## AIM OF THE EXERCISE
Please make an exact copy of the lines from the one holding "1964 Topps Lot" through the end of the data, both ends included, with no pictures.

## COLLECTED DATA
* * * *

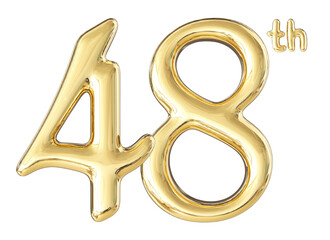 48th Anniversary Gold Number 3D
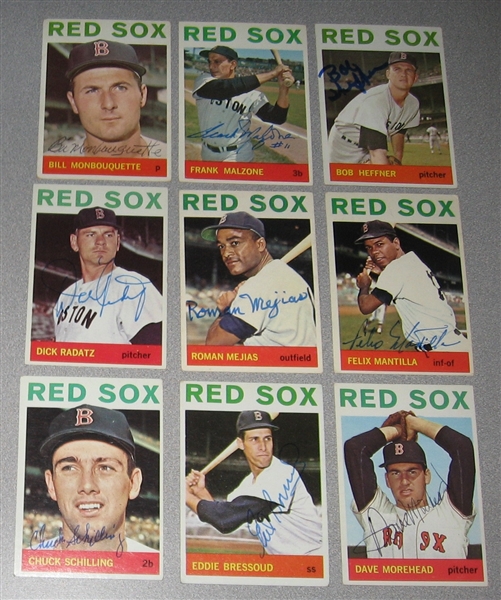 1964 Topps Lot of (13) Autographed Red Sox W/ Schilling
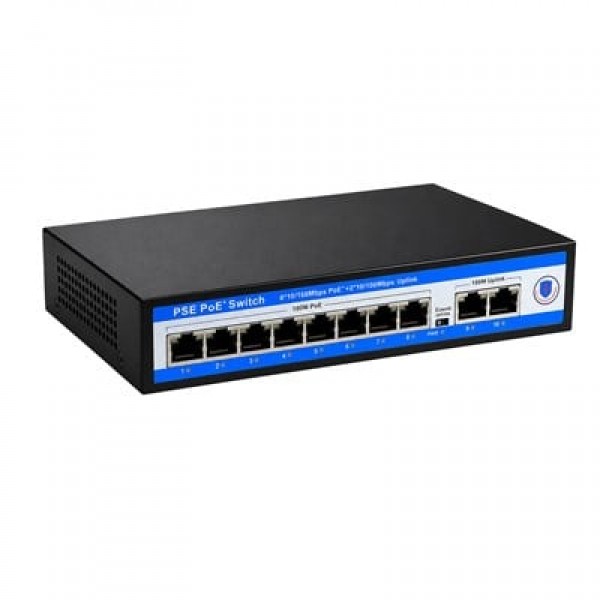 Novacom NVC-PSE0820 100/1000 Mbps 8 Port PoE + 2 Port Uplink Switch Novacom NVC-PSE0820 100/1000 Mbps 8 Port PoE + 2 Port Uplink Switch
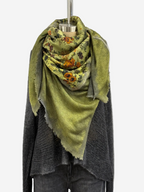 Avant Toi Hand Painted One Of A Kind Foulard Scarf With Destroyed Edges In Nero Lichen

* * * *

## ANSWER FOR THIS EXERCISE
 1964 Topps Lot of (13) Autographed Red Sox W/ Schilling
 Novacom NVC-PSE0820 100/1000 Mbps 8 Port PoE + 2 Port Uplink Switch Novacom NVC-PSE0820 100/1000 Mbps 8 Port PoE + 2 Port Uplink Switch
 Avant Toi Hand Painted One Of A Kind Foulard Scarf With Destroyed Edges In Nero Lichen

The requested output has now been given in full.